Afternoon temperatures in the lower 40s will turn dramatically colder as a cold front pushes through this evening. We'll drop from the upper 30s to the upper 20s between sunset and midnight as wind switch to the northwest.
Moisture along this evening's front should result in some scattered sprinkles changing to a brief period of flurries or light snow showers. The general window of opportunity for the Mid-South will be between 6 p.m. and midnight. If you live in Kentucky, expect it to start closer to 6 p.m. and if you in southern Middle Tennessee it may take until midnight to arrive.
With cold air rushing in at all levels of the atmosphere, it won't take much moisture to produce some snowflakes. The morning run of the GFS model estimates a 21 to 1 snow to liquid ratio between 9 p.m. and midnight. That's about twice as much as the usual 10 to 1 snow conversion. Sometimes in the South our ratios are as low as 5 to 1 when temperatures are right on the freezing line and wet snow is involved.
The GFS model tries to develop 0.4" of snowfall for the Nashville area before midnight. That's much more than the prior model runs were calling for and has grabbed my attention.
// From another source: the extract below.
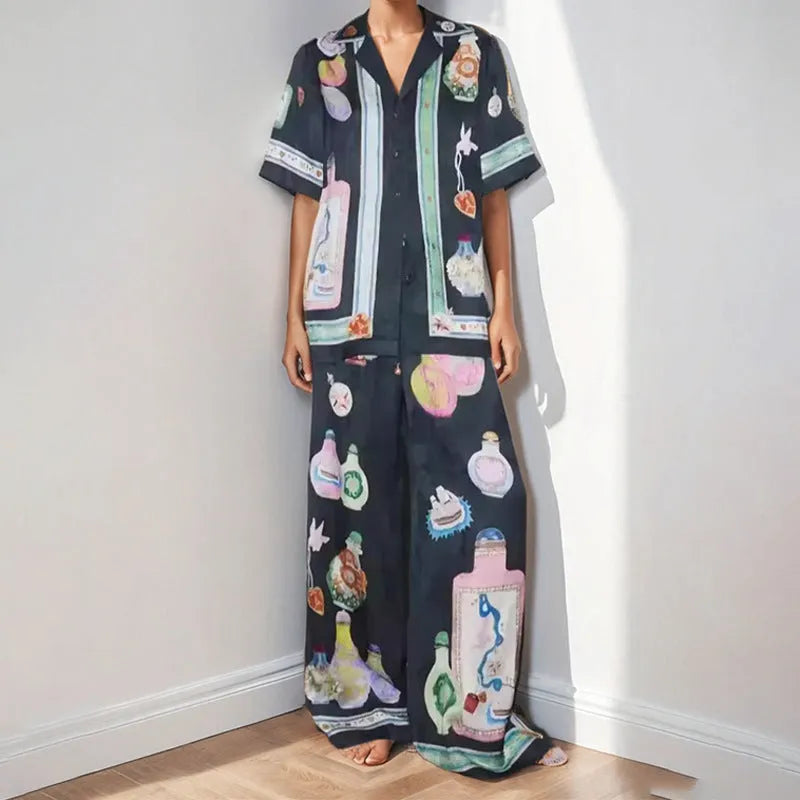 Black women's casual set with cartoon print, featuring sleeveless cardigan and trousers.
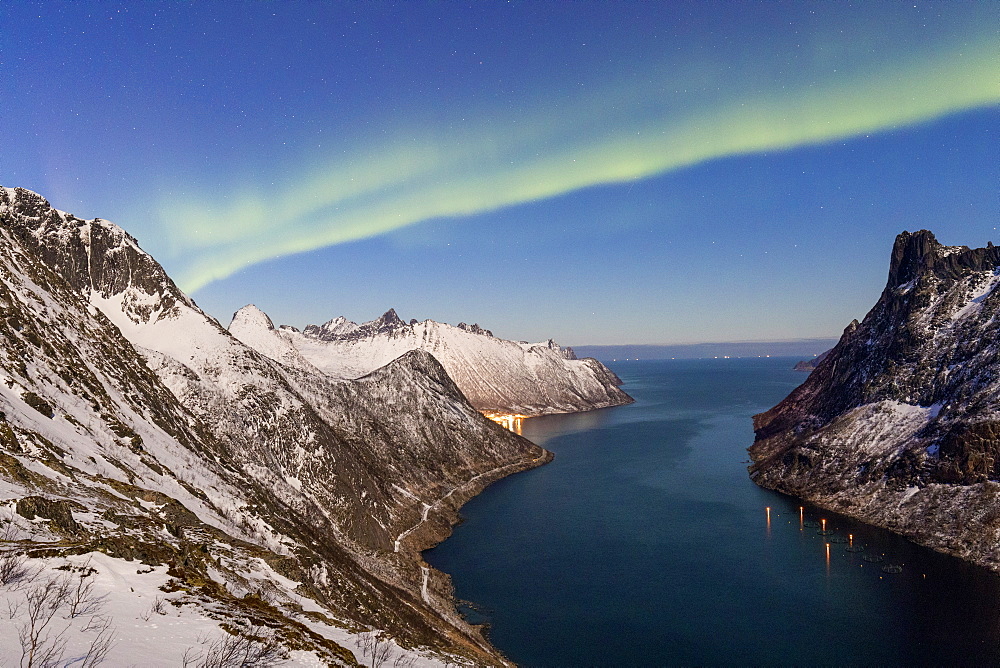 Northern Lights (aurora borealis) on the snowy peaks and the village of Fjordgard framed by the frozen sea, Ornfjorden, Senja, Troms, Norway, Scandinavia, Europe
Given the latest data, I would not be shocked if some areas ended up with a quick dusting. The rest of the night's very cold temperatures in the 20s and possibly upper teens by daybreak would allow any light snow that falls to stick around.
Important disclaimer: although the GFS model is calling for 0.4" of snowfall, I'll stick with the phrase of "a dusting" for Nashville and the surrounding metro counties. I anticipate the higher terrain east of I-65 toward the Cumberland Plateau will have an upslope effect on the northwest winds and squeeze out a few more snowflakes, possible around a half inch or so by midnight.
The attached images show the various computer model forecasts for this evening. First is the GFS, which shows 0.25" of snow and 0.5" in the higher terrain east of Nashville toward the Cumberland Plateau. Second is the high-resolution, short-term NCEP RAP (Rapid Refresh) which also shows 0.25" of snow for parts of the mid-state, and a little more, around 0.5" for the Cumberland Plateau. Third is the outlier, the high-resolution NAM, which outputs a 0.25" to 0.5" of snow for the mid-state but up to 1" on the Cumberland Plateau.
I like the second look the best (the NCEP RAP) because I believe by the time the sprinkles change to flurries we'll have limited moisture to work with. With those high snow to liquid ratios I mentioned on account of all the cold air, however, I would not be shocked with a dusting of some snow by midnight.